- Born: Kim Hye-young 24 July 1972 (age 54) Chongjin, North Hamgyong Province, North Korea
- Other name: Kim Hae-young
- Education: Pyongyang University
- Alma mater: Dongguk University
- Occupations: Actress; Singer; Comedian; Model;
- Years active: 1990 – present
- Agent(s): C&O
- Spouses: Kim Sung-tae ​ ​(m. 2009; div. 2013)​ Kim Tae-seop ​ ​(m. 2015; div. 2019)​
- Children: 2

= Kim Hye-young =

North Korean actress (born 1972)

Kim Hye-young (Korean: 김혜영; sometimes Romanized as Kim Hae-young) is a North Korean-born actress, singer, comedian, and model who is active in the South Korean entertainment industry. She defected to South Korea with her family in 1998. She was one of leading actress in North Korean films such as The Female Doctor, True Masters, and The Day I Entered College. She was a famous actress in North Korea during 1990s.

== Early life and education ==
Kim Hye-young was born in a rural area of North Korea to a father who worked in a mine and a mother who worked on a collective farm. She described her childhood as being defined by a scarcity of food.

She studied acting at the Pyongyang University of Theater and Cinema and became a well-known film star in North Korea before her defection. She starred in the North Korean film Female Doctor, a film she still regards highly. According to Kim, her family did not suffer from the extreme food shortages experienced by others as her father earned US dollars working for a state trading company, allowing them an above-average standard of living. Job prospects for her family were limited in Pyongyang because they had relatives living abroad.

In January 1999, reports surfaced that the 26-year-old actress had defected to South Korea, part of a string of defections by members of the North Korean elite.

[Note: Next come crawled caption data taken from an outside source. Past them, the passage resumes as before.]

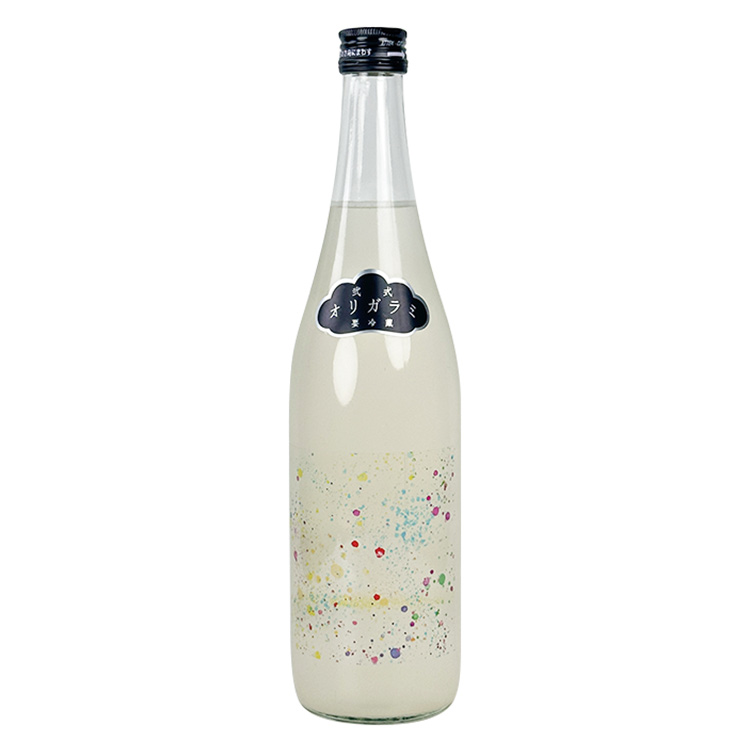 Senkin Ura Senko Hanabi【仙禽 裏 線香花火】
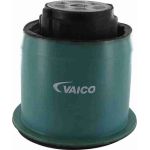 Vaico Achskörperlager V42-0458 Vaico Achskörperlager V42-0458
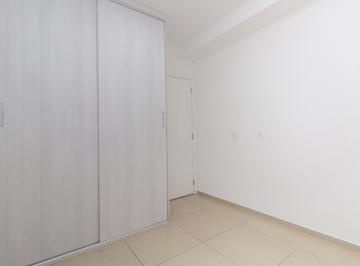 c5c9554b-6a2c-44d6-b85c-945f70147066 · Versátil apartamento para venda em Continental com 2 quartos, sendo 1 suíte, 65m²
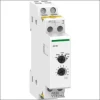 Acti9 hulpfunctie magneetschakelaars
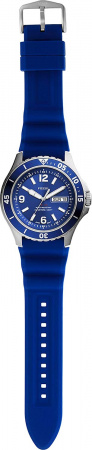 Fossil FB-02 FS5700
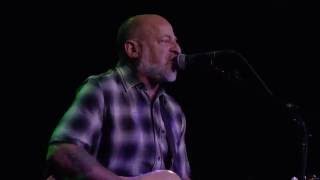 Jerry Joseph - Giraffe - Live at Sweetwater Music Hall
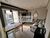 Apartamento, 2 quartos, 56 m² - Foto 3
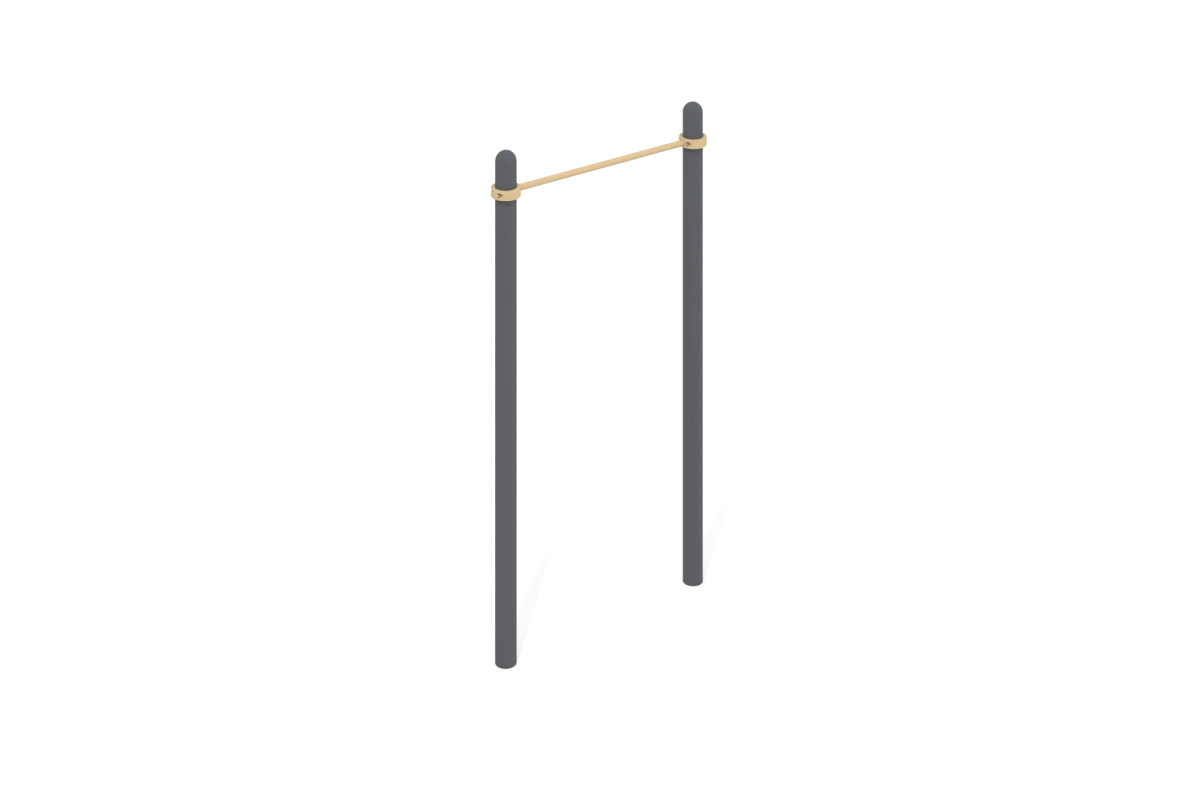 ЛГВО-07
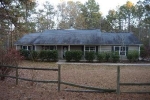 70 Moody Farm Road Newnan, GA 30263 - Image 1814058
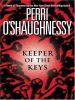 Keeper_of_the_keys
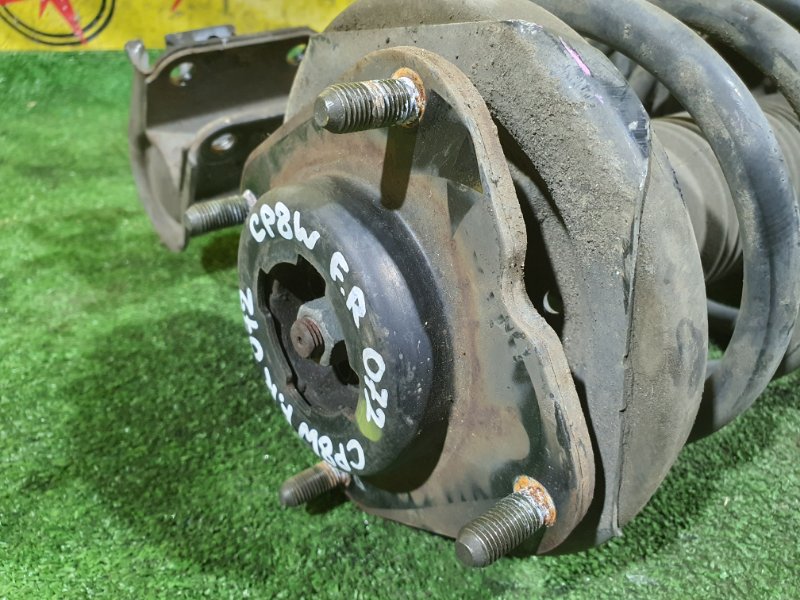 стойка, 3000 рублей, Красноярск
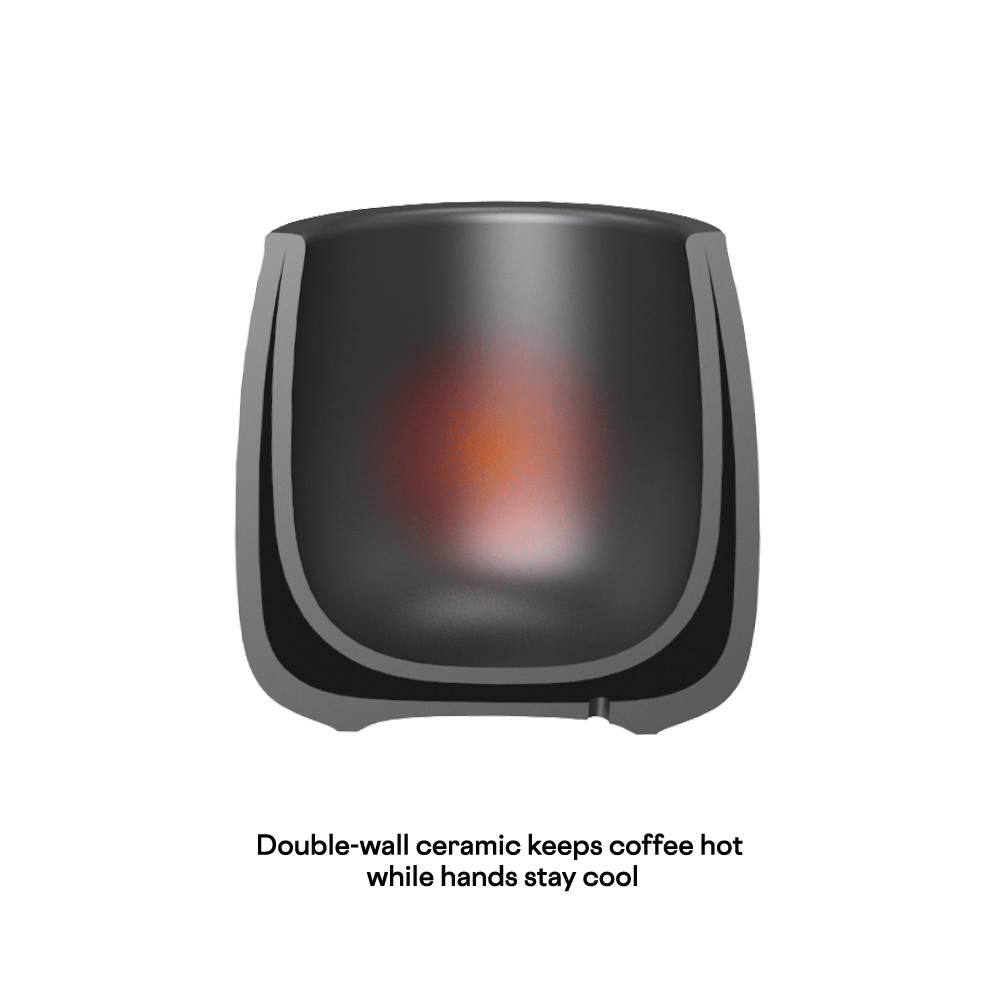 cafe-cups-h1 825ee163b824--cup-animation-PDP.gif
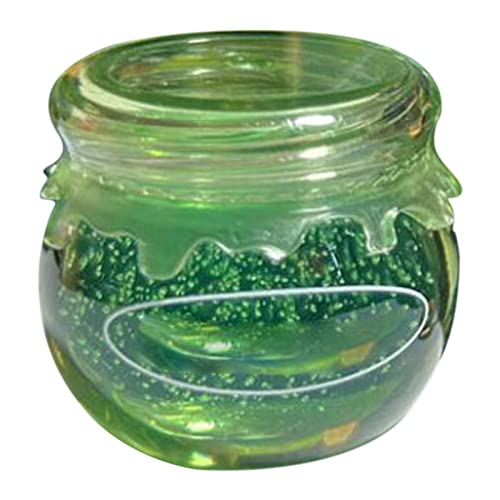 Fresh Sugar Caramel Lip Balm 0.15 oz Hydrating & Smoothing Treatment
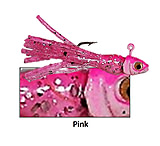 Image of Gitzit Micro Little Tough Guy Jig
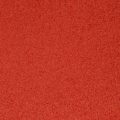 Gladiola (F6804-116) - 1/16" Flake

After arriving in South Korea, she continued her education, enrolling as a junior at Dongguk University in 2001. In 2003, she graduated with a degree in theater and cinema, becoming the first person to earn acting degrees in both North and South Korea.

== Career in South Korea ==
After settling in South Korea, Kim Hye-young embarked on an active career spanning multiple entertainment fields, including acting, singing, modeling, and comedy.

=== Acting ===
Kim has appeared in various television dramas and comedy shows. Her acting credits include starring in the SBS drama Deogi and appearing on the popular KBS comedy show Gag Concert. She has also performed in stage musicals, such as a tour of Glad To See You.

=== Music ===
In addition to her acting work, Kim has pursued a career as a singer and, after graduating from university, expressed interest in debuting in Japan.

== Personal life ==
Kim married a South Korean actor, Kim Sung-tae, in November 2009. The couple met while performing in the same play the year prior. She was previously married in 2002, a marriage that ended in divorce in 2005.

== Filmography ==
=== Television series ===

| Year | Title | Role | Ref. |
|---|---|---|---|
| 1990 | Love on a Jujube Tree | Ms. Young |  |
| 2000 | Deogi | Mi-soo |  |
| 2024 | Desperate Mrs. Seonju | Regular client in the beauty salon |  |

=== Film ===

| Year | Title | Role | Ref. |
|---|---|---|---|
| 1993 | Female Doctor | Doctor |  |

== Ambassadorship ==
- In 2004, she was the National Youth Heads of Households Support Ambassador.